On the Fairfax strikes

Matthew Cummins writes: Re: “Fairfax tells staff it is about to fire: be nicer to scabs” (Wednesday)

It is really amazing that the top management of a major paper doesn’t get the cultural strength of worker hatred of those who break a strike. A scab places her own job and short term income ahead of her own and colleagues’ longer term security and wage. The strength of unionism is the only force which stands between poverty and dignity. Just cast an eye at some of our northern neighbours to see where weakened unionism gets the mass of the population. Bosses do not pay living wages through the goodness of their board. Their willingness to drive wages towards destitution is only matched by their willingness to vote $million packages for themselves.

So when you choose to weaken the union’s stance you effectively contribute to your fellow workers’ impoverishment. At the extreme you take food from their family’s mouths. ‘Scab’ is too kind. Thief, traitor, quisling, even murderer, are all correct depictions of what you do when you break the only bargaining power a worker has. The absurdity of this particular directive from Fairfax is heightened by the absolute failure of successive managements to protect the business. They rail against strikers but have so run the business down that they need to sack large proportions of their staff! Staff who fail to support their fellows commit a massive social crime. That’s why they are called scabs.

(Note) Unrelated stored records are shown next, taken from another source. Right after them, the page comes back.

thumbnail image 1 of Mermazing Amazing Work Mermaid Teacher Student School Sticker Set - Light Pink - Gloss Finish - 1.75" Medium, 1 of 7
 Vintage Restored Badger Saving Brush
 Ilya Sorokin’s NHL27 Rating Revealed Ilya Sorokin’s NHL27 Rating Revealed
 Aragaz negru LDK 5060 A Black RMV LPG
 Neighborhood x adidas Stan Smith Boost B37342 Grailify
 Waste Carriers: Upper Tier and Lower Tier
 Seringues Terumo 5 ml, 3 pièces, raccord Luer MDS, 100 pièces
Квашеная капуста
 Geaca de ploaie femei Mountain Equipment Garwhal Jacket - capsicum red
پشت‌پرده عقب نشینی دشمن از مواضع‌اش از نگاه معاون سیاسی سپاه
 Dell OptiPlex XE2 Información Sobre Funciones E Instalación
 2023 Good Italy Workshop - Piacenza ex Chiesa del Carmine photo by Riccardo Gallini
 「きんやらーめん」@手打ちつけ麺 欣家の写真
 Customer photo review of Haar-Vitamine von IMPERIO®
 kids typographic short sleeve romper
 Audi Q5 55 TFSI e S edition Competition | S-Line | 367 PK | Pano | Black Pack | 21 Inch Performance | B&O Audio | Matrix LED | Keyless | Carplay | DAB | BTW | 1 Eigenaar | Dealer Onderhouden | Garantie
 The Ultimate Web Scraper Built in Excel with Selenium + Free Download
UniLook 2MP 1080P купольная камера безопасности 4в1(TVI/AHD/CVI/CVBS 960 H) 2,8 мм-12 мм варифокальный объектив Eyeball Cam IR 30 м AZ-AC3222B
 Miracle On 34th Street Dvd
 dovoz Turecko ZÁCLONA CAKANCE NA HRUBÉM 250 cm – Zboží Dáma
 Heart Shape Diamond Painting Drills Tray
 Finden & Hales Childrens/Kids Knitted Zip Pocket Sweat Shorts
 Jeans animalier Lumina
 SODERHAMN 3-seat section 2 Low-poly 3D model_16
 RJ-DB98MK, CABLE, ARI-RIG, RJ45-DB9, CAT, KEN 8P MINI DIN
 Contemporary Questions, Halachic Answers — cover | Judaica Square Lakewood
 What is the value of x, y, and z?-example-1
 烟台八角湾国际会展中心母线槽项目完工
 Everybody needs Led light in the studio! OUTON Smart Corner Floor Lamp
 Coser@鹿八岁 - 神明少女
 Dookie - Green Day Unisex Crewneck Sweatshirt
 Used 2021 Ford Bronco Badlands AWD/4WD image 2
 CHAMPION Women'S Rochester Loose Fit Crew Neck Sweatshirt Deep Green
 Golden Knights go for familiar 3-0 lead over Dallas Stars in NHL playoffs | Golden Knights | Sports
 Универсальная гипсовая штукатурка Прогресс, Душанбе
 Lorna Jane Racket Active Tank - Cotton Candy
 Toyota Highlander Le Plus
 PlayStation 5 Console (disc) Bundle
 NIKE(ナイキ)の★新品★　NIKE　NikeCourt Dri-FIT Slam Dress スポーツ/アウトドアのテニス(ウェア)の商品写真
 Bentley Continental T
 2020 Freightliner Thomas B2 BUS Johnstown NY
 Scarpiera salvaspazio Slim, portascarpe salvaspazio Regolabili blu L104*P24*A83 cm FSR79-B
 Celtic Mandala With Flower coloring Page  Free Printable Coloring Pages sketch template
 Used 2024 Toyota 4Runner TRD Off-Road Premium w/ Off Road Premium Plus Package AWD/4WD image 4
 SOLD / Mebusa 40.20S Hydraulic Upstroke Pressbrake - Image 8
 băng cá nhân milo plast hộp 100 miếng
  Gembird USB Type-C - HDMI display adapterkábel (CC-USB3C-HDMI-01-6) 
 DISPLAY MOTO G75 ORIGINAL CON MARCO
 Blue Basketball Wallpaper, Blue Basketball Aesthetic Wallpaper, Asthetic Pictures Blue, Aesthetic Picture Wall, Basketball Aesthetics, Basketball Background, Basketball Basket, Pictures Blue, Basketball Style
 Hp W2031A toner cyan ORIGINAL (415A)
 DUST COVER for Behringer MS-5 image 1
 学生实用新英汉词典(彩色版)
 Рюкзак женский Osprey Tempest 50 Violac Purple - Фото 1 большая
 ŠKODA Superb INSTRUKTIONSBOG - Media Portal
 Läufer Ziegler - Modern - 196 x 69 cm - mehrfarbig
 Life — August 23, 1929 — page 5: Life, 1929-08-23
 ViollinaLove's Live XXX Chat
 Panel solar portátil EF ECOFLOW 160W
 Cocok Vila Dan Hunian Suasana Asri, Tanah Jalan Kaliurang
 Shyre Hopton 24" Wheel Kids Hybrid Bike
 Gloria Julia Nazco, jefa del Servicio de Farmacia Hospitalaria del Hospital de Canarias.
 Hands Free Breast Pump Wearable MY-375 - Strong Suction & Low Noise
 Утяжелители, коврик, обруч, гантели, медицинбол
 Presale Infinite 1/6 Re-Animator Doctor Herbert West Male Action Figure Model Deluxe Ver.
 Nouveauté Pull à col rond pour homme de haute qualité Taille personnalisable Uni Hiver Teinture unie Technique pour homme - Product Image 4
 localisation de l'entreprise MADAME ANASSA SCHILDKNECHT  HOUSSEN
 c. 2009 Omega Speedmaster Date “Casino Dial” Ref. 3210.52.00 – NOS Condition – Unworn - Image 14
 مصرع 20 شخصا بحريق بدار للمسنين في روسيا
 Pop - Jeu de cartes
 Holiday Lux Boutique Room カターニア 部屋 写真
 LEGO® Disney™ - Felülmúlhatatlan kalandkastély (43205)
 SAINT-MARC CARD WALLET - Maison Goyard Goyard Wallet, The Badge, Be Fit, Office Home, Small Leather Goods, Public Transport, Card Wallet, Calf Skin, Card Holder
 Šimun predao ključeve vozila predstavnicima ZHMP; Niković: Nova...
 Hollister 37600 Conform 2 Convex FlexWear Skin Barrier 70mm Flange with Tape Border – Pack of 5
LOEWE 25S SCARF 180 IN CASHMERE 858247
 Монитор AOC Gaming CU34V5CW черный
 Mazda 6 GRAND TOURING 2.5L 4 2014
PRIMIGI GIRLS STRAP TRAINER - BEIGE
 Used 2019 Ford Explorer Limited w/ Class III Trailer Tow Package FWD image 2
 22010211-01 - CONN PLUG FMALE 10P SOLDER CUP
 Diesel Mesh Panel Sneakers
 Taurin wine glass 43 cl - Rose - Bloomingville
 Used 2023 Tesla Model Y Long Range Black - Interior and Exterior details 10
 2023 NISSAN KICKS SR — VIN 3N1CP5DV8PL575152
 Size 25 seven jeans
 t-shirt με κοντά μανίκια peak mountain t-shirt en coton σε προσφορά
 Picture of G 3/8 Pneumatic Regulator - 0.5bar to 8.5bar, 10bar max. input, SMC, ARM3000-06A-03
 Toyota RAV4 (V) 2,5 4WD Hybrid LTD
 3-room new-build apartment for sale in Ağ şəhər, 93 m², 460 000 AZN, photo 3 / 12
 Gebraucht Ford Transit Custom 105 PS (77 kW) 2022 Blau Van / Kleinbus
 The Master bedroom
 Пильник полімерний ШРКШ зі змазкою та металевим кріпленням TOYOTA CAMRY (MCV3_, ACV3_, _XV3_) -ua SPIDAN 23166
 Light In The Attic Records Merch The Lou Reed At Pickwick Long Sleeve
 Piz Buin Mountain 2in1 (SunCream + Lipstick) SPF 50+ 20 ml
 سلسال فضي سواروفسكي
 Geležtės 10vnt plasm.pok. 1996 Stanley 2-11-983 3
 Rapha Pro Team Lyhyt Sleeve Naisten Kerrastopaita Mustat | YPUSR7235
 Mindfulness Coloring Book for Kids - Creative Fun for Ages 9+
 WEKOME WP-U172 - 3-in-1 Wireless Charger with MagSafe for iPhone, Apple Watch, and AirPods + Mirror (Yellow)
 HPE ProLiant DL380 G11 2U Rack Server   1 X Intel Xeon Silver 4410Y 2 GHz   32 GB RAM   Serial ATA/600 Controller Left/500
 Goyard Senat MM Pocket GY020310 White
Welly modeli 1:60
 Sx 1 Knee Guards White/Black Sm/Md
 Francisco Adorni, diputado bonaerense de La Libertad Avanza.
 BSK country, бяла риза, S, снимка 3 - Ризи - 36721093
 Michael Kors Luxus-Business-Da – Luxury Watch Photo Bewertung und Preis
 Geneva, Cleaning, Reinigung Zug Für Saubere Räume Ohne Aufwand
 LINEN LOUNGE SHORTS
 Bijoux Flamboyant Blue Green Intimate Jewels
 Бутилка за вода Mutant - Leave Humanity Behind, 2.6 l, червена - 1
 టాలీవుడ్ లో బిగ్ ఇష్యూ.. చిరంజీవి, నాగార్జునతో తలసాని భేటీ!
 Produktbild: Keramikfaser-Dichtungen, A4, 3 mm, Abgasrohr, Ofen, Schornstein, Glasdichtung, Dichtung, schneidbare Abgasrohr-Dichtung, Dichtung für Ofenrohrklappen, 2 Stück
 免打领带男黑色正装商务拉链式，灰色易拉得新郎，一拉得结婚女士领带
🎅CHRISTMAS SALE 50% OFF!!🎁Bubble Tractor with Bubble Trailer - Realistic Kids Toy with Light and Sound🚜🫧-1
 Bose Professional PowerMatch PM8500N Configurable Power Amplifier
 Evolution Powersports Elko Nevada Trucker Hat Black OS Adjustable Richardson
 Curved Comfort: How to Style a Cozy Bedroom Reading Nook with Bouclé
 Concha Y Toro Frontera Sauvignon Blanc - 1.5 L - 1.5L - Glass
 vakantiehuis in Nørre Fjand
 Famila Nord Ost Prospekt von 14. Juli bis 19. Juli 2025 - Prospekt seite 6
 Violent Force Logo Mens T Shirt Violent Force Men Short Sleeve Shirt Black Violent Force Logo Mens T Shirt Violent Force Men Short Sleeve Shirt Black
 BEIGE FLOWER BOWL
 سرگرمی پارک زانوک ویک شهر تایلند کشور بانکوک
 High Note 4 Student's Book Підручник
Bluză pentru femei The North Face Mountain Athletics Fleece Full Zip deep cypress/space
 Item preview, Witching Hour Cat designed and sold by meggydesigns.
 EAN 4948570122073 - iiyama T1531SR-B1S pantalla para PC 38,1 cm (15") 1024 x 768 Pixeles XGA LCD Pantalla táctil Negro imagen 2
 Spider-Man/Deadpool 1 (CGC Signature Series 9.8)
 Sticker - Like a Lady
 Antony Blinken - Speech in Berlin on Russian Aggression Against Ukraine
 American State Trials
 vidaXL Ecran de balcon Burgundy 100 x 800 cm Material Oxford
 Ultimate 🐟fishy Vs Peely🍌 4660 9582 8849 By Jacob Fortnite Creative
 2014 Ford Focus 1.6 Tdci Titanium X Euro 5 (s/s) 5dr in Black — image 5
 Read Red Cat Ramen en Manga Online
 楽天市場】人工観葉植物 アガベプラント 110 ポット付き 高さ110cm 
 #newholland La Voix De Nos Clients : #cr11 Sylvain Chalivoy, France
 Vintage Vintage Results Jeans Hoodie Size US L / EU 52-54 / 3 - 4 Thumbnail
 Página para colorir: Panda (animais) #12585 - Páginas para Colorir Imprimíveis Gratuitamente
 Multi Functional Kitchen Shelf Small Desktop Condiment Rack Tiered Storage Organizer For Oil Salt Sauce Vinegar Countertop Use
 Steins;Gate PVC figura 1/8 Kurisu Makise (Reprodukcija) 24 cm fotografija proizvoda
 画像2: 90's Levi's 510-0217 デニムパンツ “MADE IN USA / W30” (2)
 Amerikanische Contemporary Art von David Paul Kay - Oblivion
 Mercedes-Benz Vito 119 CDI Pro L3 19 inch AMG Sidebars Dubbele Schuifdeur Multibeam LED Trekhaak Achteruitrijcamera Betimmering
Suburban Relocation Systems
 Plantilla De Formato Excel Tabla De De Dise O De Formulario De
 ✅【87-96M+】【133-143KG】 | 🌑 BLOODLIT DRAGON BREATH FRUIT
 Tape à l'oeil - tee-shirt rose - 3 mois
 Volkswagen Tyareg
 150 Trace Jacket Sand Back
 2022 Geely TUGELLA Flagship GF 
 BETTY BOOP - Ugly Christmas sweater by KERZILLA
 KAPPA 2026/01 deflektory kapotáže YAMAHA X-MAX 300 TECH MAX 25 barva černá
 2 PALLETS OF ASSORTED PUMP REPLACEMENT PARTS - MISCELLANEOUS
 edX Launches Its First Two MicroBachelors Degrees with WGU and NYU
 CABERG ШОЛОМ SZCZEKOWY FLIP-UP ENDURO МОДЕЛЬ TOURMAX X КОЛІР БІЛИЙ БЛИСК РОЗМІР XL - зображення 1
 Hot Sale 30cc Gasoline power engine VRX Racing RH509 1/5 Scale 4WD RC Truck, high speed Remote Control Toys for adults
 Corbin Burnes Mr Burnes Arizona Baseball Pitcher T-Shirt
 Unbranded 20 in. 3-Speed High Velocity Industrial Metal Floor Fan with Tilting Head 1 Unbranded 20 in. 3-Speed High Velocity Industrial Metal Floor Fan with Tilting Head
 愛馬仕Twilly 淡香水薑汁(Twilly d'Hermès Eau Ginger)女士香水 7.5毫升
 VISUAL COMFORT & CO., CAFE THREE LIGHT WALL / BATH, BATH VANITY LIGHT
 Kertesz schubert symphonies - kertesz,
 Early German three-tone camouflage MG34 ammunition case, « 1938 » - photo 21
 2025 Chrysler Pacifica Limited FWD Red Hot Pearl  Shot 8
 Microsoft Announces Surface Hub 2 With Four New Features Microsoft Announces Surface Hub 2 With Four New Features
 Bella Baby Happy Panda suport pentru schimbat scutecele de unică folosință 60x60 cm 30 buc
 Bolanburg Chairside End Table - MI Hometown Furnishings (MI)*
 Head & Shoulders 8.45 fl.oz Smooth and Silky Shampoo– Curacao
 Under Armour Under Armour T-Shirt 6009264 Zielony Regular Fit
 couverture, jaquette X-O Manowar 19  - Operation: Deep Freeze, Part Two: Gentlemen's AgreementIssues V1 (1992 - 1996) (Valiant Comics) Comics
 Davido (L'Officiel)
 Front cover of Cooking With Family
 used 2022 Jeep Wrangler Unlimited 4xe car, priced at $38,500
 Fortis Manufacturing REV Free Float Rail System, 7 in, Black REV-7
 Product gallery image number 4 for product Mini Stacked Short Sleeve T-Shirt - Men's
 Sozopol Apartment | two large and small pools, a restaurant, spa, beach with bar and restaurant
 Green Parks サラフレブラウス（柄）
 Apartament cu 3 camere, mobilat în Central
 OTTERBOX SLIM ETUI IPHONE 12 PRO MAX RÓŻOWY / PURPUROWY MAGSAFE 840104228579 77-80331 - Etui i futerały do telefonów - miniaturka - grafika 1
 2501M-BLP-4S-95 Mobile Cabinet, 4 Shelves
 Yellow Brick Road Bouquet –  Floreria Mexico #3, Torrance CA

On drug testing for welfare recipients

Wayne Robinson writes: Re. “Destroying the joint: drug testing welfare recipients will be expensive and won’t work” (Wednesday)

Of course dole bludgers should be drug tested. If Australia repeats the New Zealand experience, with 22 positive tests costing around $50,000 each, then it would save money with dole cheats being stripped of the exorbitant unemployment benefits of over $50,000 a year. The unemployed, in particular the young unemployed, need to learn that they’re scum.

If anything, it will make us rich old white men happy at the thought that the young continue to be persecuted relentlessly.